TASK DETAILS: Each line from the first entry to the line with "Галлюциногенные грибы GOLDEN", both included, is to be returned unchanged, with any pictures dropped.

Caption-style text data
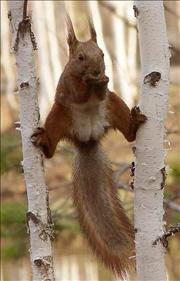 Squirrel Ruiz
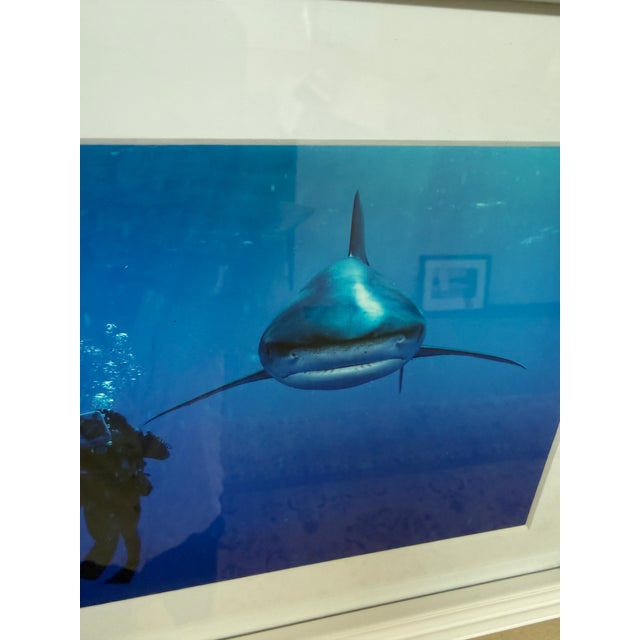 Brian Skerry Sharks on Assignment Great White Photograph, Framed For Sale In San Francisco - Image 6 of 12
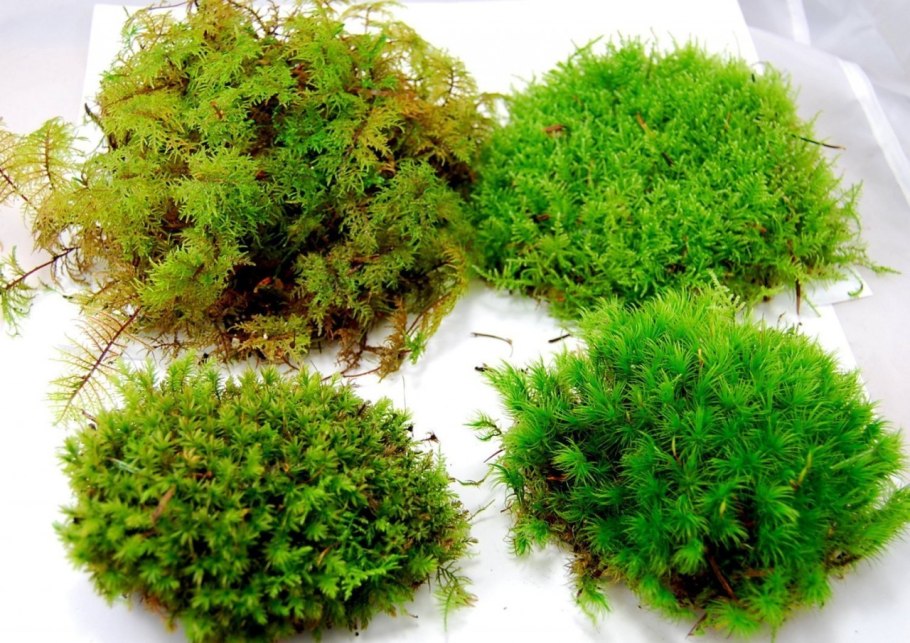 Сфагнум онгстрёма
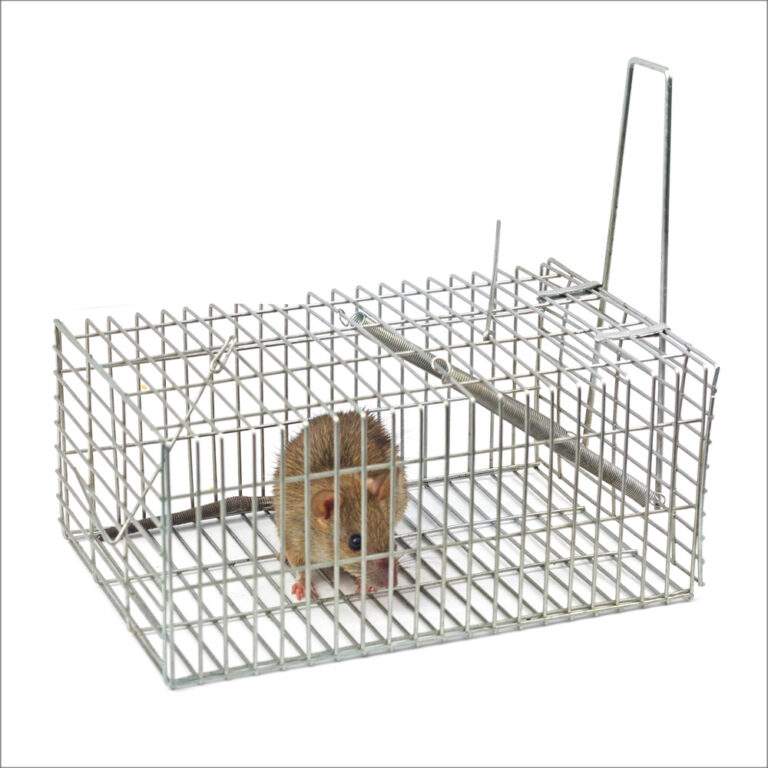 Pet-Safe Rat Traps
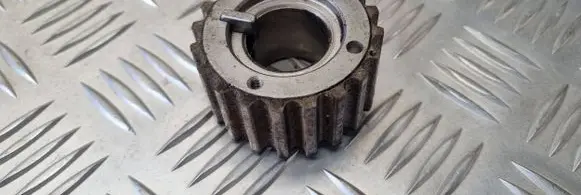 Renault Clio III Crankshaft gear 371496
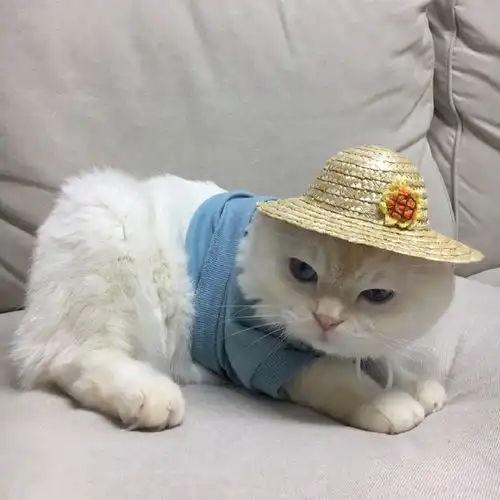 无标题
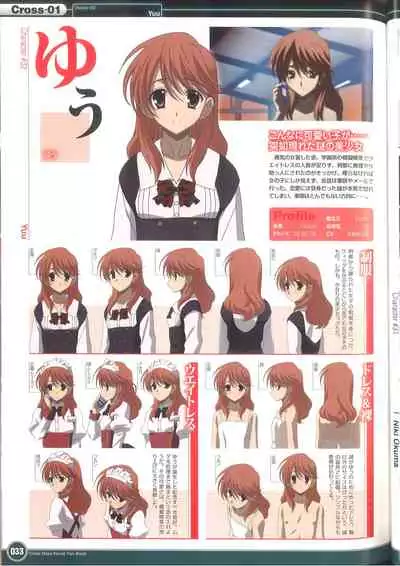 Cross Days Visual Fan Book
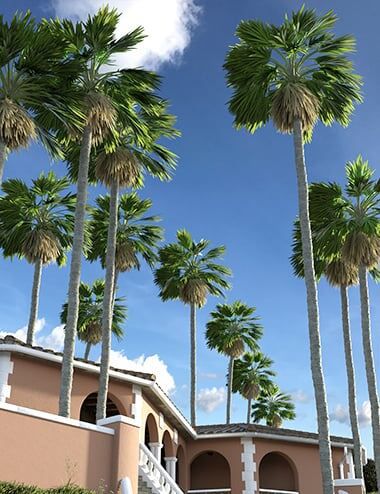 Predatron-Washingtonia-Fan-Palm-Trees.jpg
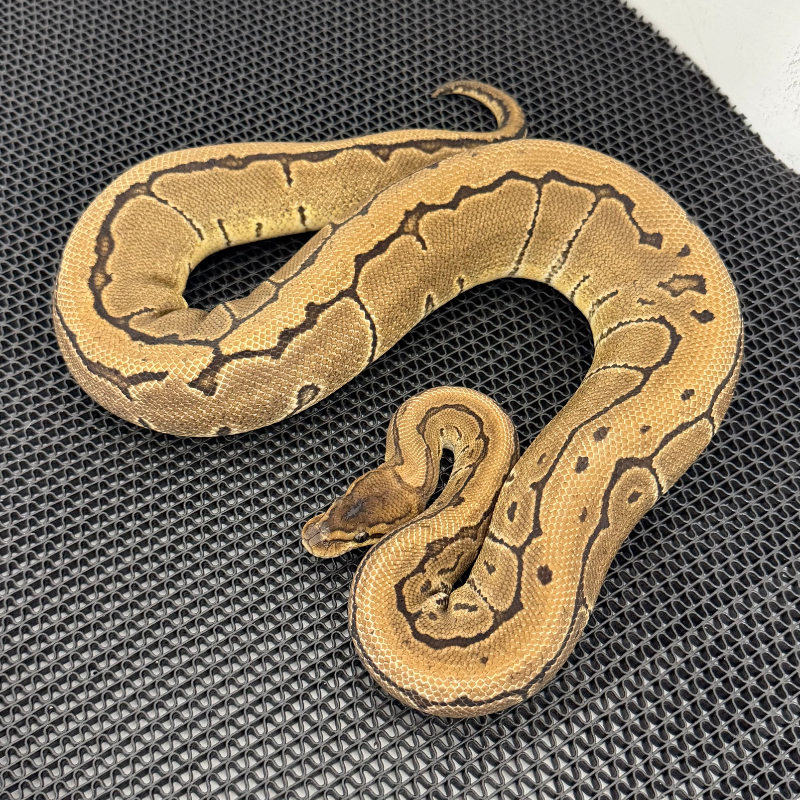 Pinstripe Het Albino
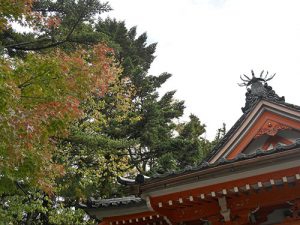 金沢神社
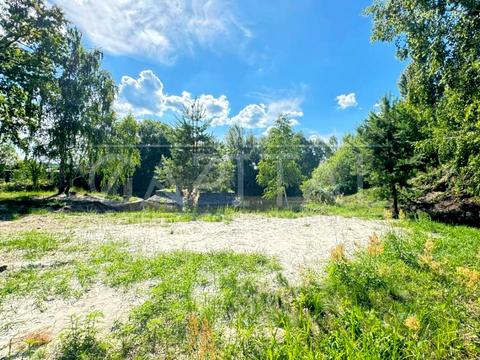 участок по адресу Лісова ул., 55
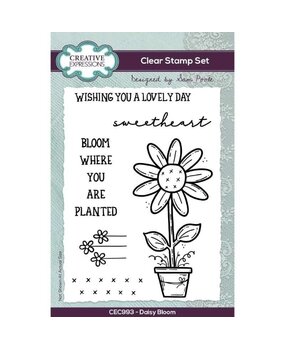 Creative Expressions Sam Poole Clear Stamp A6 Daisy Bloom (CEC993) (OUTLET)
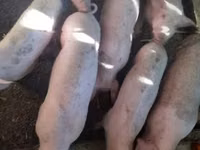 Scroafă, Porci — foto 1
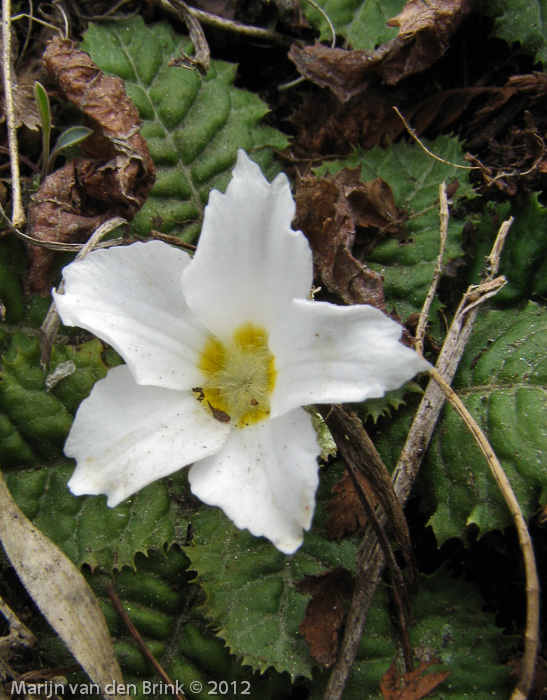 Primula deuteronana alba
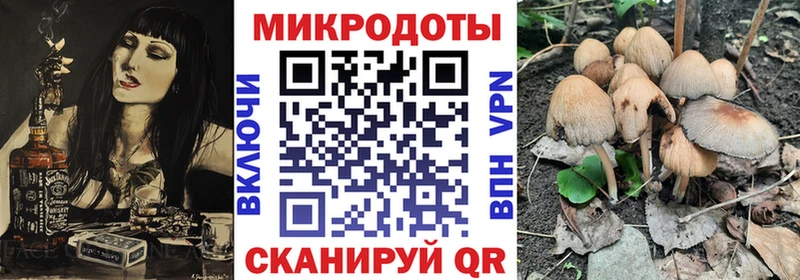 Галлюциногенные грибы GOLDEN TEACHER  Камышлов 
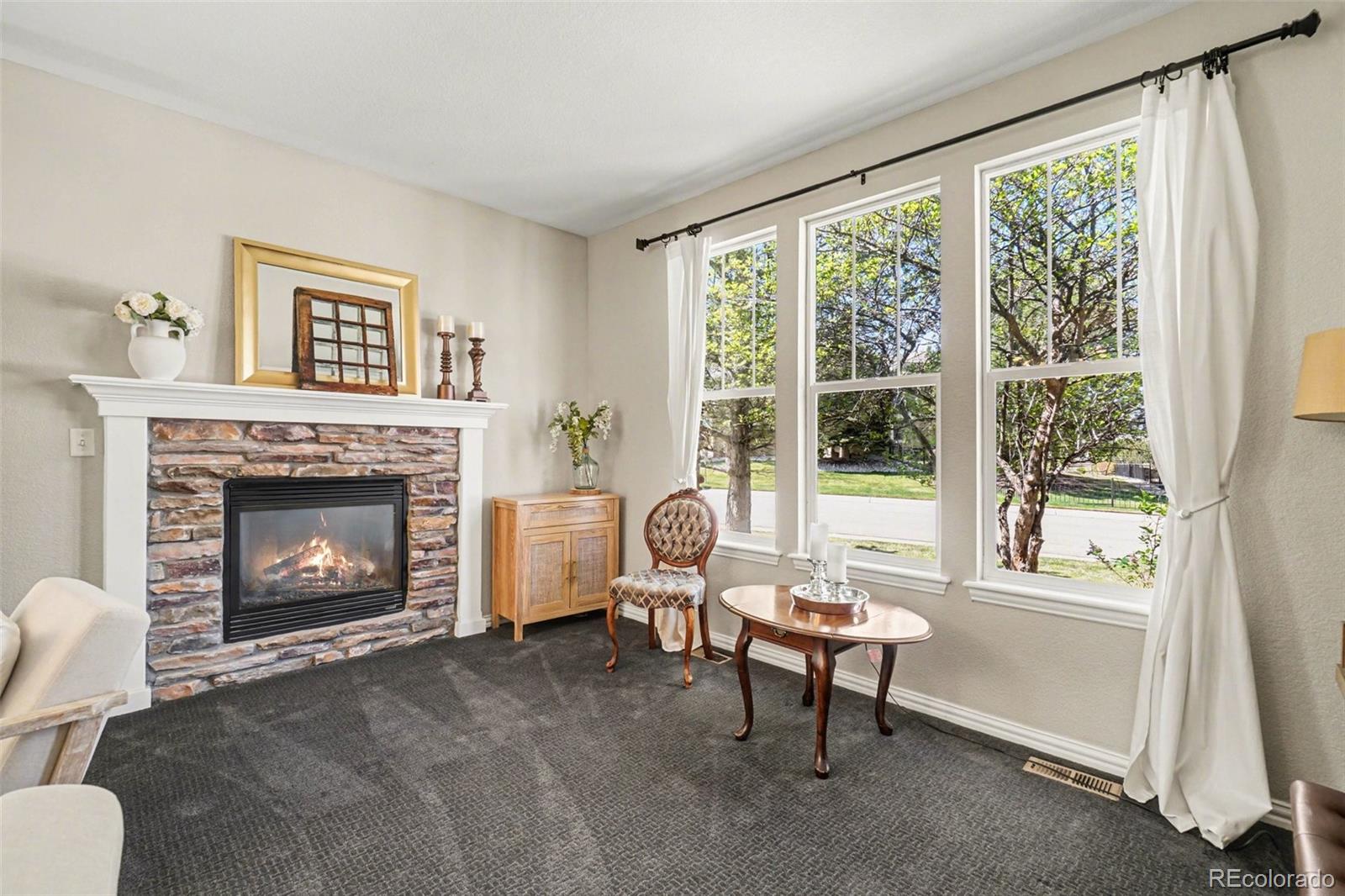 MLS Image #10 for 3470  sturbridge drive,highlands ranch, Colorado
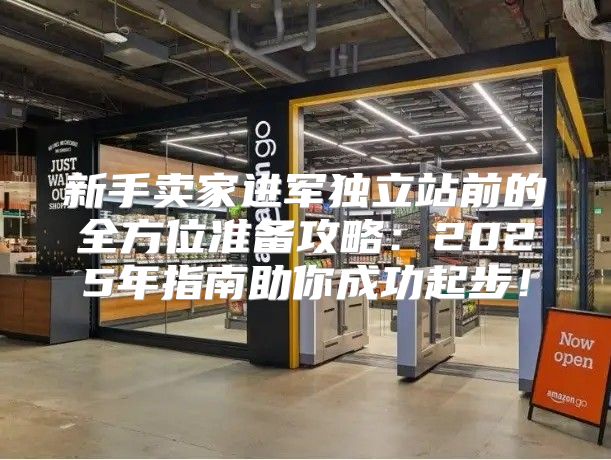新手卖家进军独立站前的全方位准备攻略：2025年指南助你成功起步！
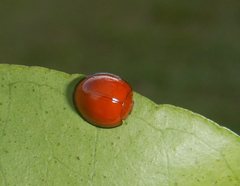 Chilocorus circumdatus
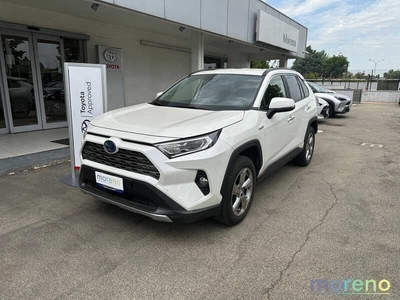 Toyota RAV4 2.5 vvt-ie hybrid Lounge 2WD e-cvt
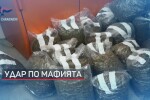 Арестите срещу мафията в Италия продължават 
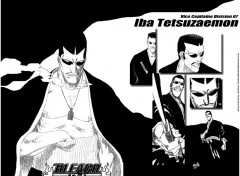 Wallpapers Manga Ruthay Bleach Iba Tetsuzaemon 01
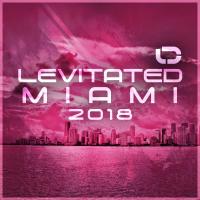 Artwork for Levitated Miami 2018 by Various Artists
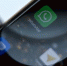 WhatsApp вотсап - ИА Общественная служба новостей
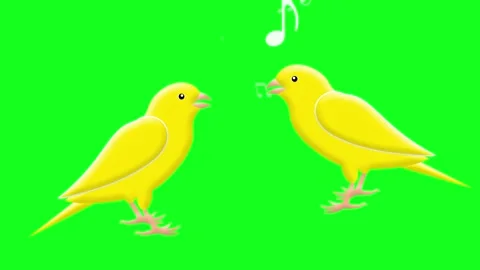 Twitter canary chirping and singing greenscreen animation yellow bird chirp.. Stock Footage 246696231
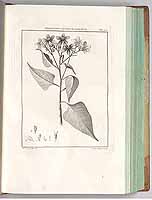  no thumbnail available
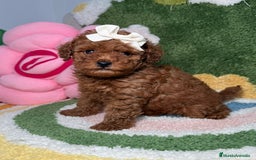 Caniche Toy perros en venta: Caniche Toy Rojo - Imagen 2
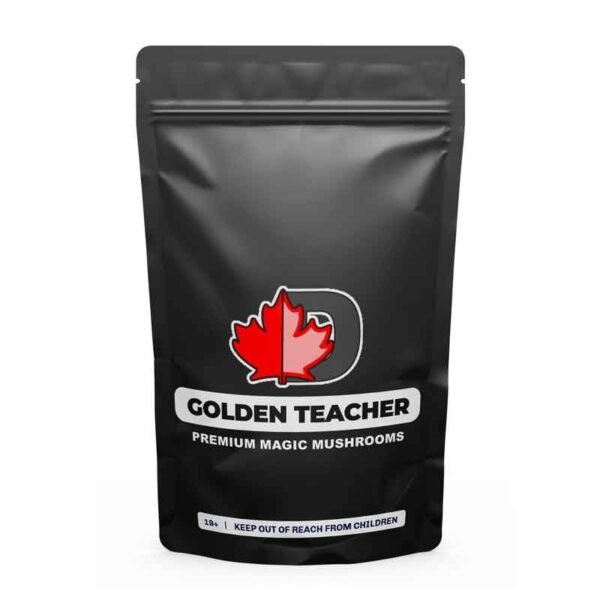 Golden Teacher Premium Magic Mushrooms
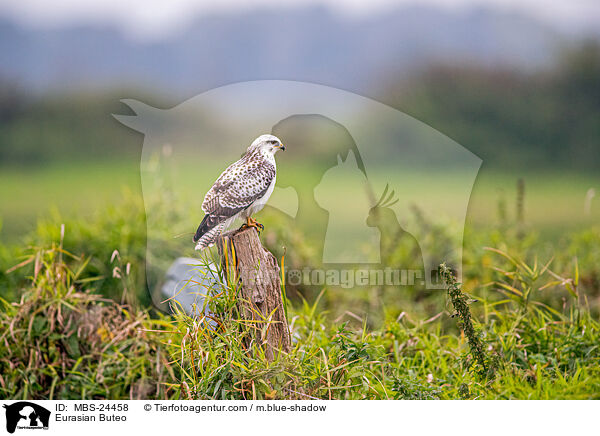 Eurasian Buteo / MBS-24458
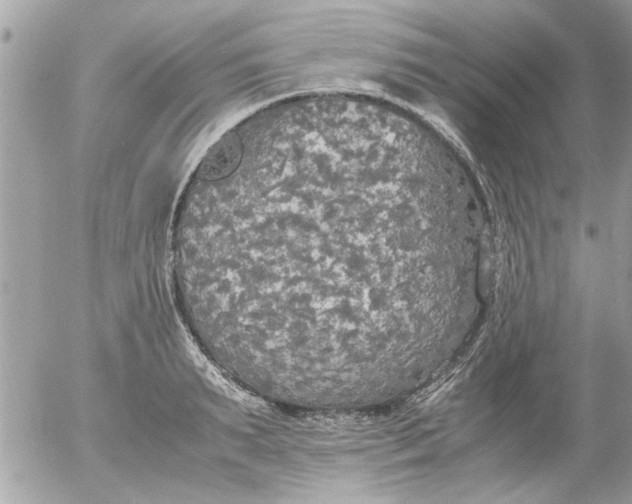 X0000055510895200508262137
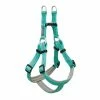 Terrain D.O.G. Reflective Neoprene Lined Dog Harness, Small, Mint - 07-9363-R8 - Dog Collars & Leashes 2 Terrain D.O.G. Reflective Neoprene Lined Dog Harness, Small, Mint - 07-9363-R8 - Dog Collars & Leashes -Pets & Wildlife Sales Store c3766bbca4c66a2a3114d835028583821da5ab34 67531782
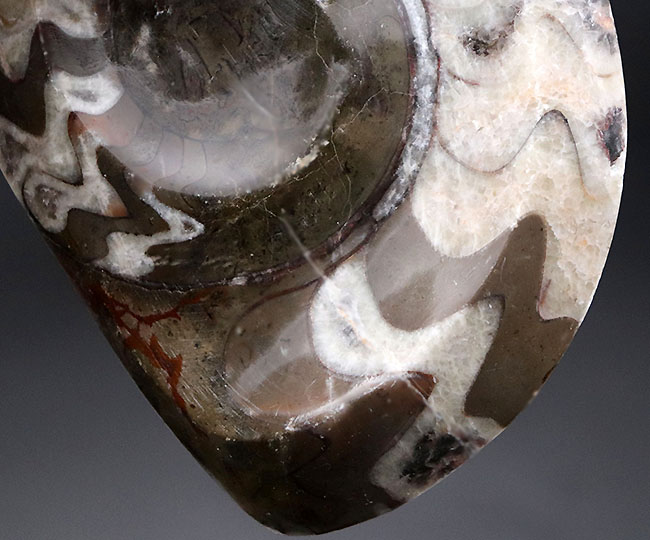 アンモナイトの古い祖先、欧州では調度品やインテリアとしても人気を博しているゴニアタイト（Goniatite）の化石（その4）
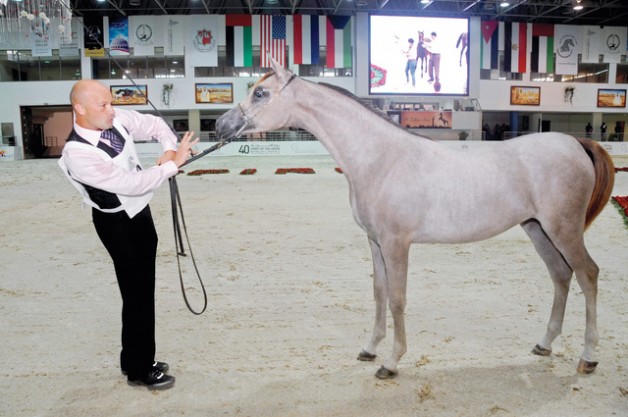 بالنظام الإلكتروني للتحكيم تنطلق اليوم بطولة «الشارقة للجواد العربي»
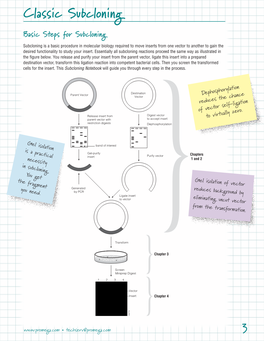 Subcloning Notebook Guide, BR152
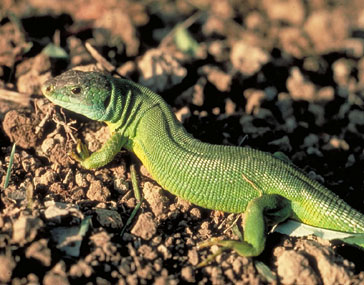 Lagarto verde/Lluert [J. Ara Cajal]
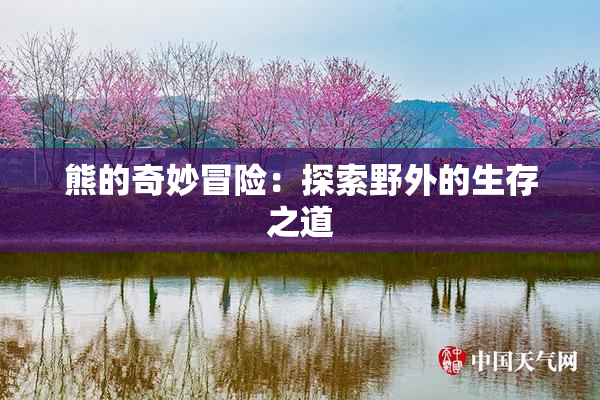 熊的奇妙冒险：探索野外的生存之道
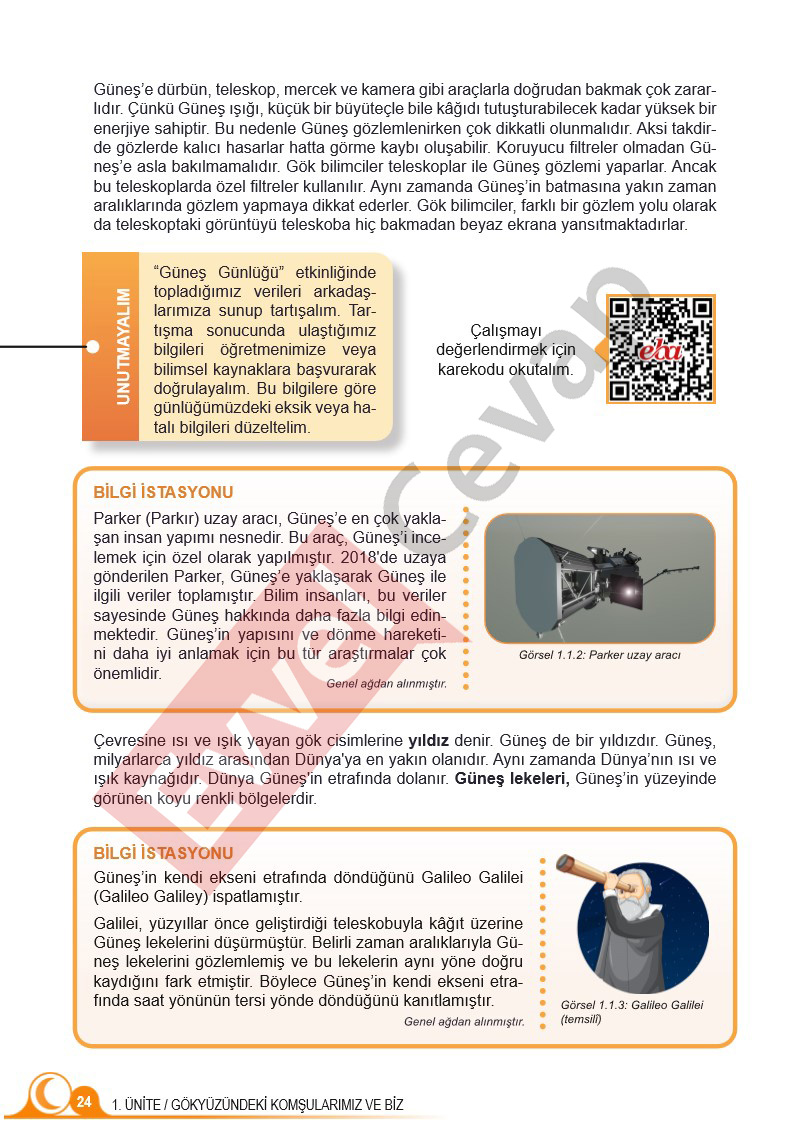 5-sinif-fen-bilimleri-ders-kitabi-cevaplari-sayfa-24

RESULT OF THIS EXERCISE:
 Squirrel Ruiz
 Brian Skerry Sharks on Assignment Great White Photograph, Framed For Sale In San Francisco - Image 6 of 12
 Сфагнум онгстрёма
 Pet-Safe Rat Traps
 Renault Clio III Crankshaft gear 371496
 无标题
 Cross Days Visual Fan Book
 Predatron-Washingtonia-Fan-Palm-Trees.jpg
 Pinstripe Het Albino
 金沢神社
 участок по адресу Лісова ул., 55
 Creative Expressions Sam Poole Clear Stamp A6 Daisy Bloom (CEC993) (OUTLET)
 Scroafă, Porci — foto 1
 Primula deuteronana alba
 Галлюциногенные грибы GOLDEN TEACHER  Камышлов 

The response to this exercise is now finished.